I worked 2 * 2 weeks on this competition.

my scores

Final best score: 0.97286 private. That would give me rank #160 (out of 1317). Top 12%…

Frist 2 weeks: My best score is: 0.96380 private, 0.97800 public. That would give me rank #406 (out of 1317). Top 33%…

Top 10% threshold is 0.9736 private, 1st place solution achieved 0.98445 private.

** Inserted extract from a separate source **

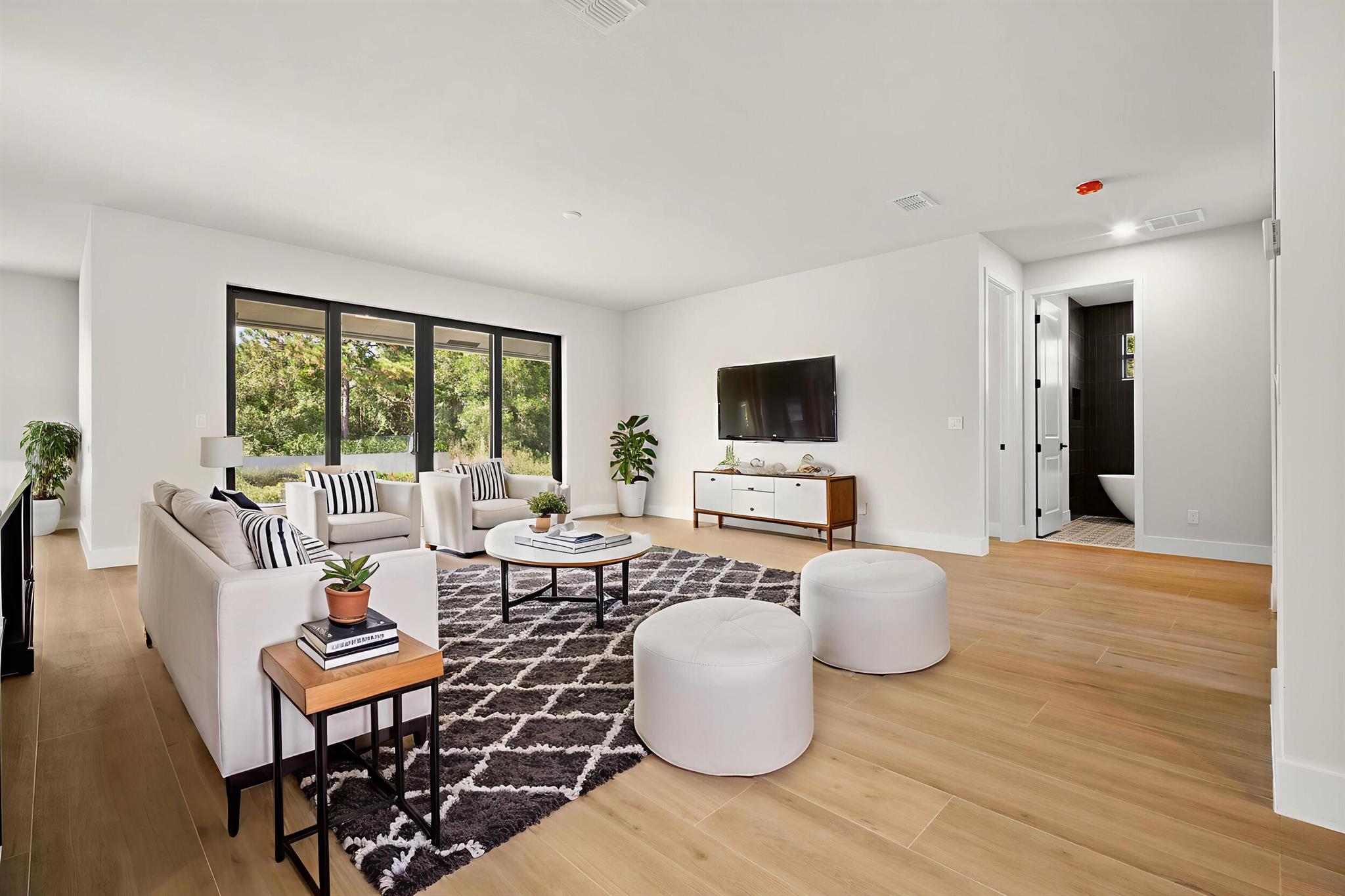 PORT ST LUCIE SECTION 8 - Residential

I mostly looked at the 1st place solution for inspiration discussion on kaggle

What worked

seresnextnet50 as architecture
larger images (320x512). I used batch size 16 to train on kaggle notebooks (bs=64 gives OOM)
5-fold stratified cross-validation. It clearly helps because when I submit the 5 scores from the folds, they perform worse.
Instead of using the 5 folds, I used the best 4 (according to public LB score) and it gave me a bump of 0.00064 points. It sounds like nothing but that improved my rank by 40 positions from 200 to 160.
augmentations (Rotate, Zoom, Warp, Brightness, Flip, Contrast, Resize, Normalize
TTA
LabelSmoothingCrossEntropy loss function
pseudo labeling technique to augment the dataset (see Isaac’s blog about pseudo labeling)
generate 5 predictions from the 5-fold cross-validation and use rankdata to blend the submissions
I adapted a notebook to detect duplicate images. See my version here Forked from Appian notebook here

This helped me see that many images were duplicated (either both images were in the training set or test set or 1 image in train and the other one in test). What was disappointing is that for images present in train and test datasets, I used the train label to change my predictions… and that made my score worse… So it means that the labels are not necessarily consistent… There’s actually 1 duplicated image in the training with 2 different labels… dup

Also based on this notebook, I removed duplicated images in the train set.

What was complicated

some images are mislabeled -> what to do with these? ignore? change the label?
some noisy labels as well (rust in the background of the healthy leaf)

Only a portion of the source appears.